I had some fun with the Washington Post a couple of weeks ago when they published a terribly misleading and inaccurate article intended to cast doubt on Marco Rubio’s family history. I joked that the Post was becoming the Ron Burgundy of the newspaper world, talking about itself more than any other subject, and insisting to its readers that its reporting is important and influential.
While much of the criticism of the Post’s story has focused on its habit of ginning up controversy and then reporting on its reporting, we now know that it failed in its objective as well. Tim Mak calls attention to the latest poll of Rubio’s job approval, and it shows he has emerged from this absurd non-scandal unscathed:
Forty-nine percent of Florida voters approved of Rubio’s job performance — unchanged from late September, reports a new Quinnipiac poll. Only 29 percent disapproved of his job performance, slightly down from 31 percent in September.
A majority of Hispanics — 52 percent — approved of Rubio’s job performance, compared to only 23 percent who did not approve. The breakdown for Hispanic voters in September was not available.

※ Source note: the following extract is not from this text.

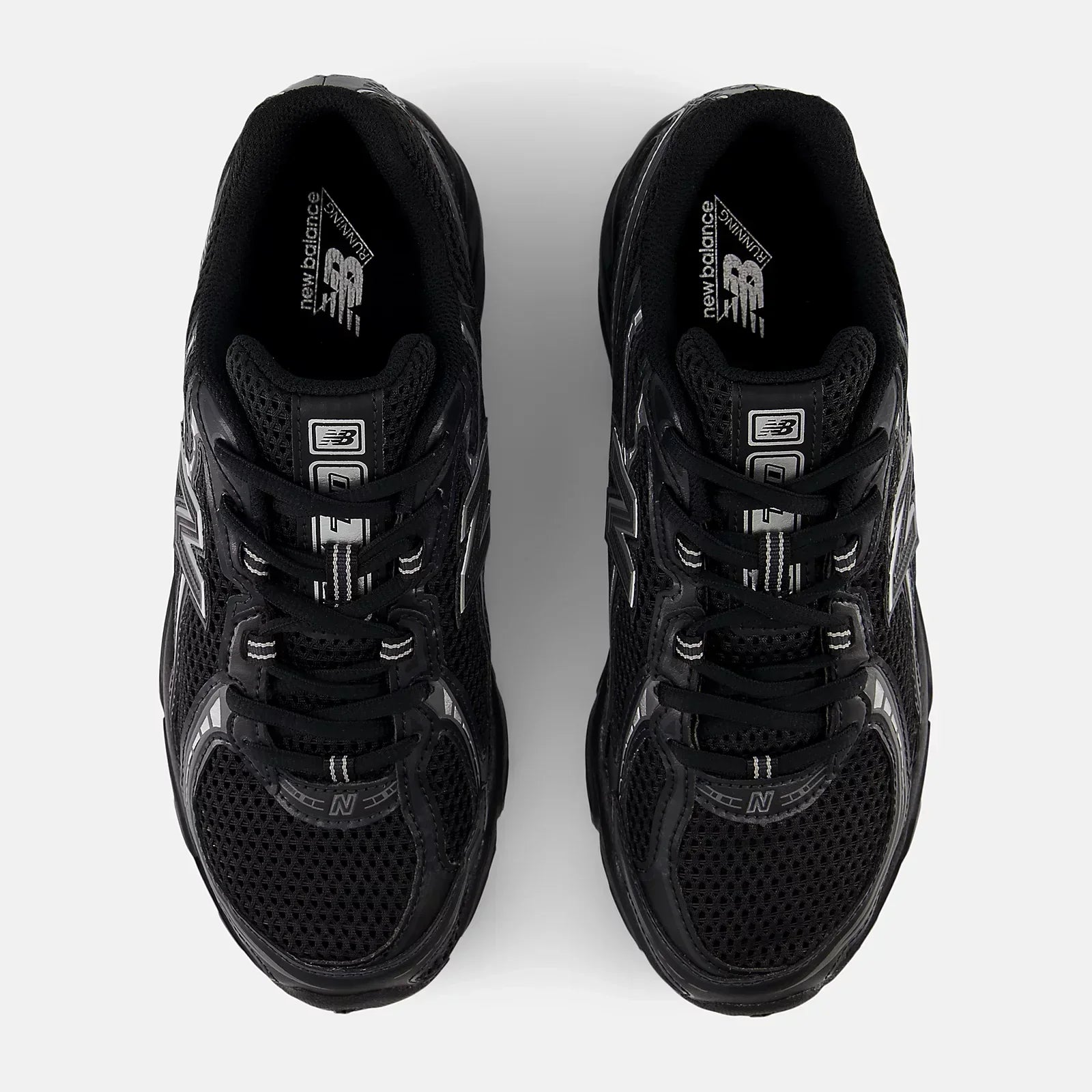 New Balance 740 Noir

This is a very good sign, obviously. Mainstream newspaper outlets have made a practice of insulting their readers by publishing vague stories about prominent Republicans, usually filled with innuendo, hearsay, and guilt-by-association. Their assumption is that they can confuse readers into thinking the politician has done something wrong when he has not.
But going after that politician’s family and ethnicity, the way the Post did with Rubio, deserves unambiguous rejection. Florida voters have done just that.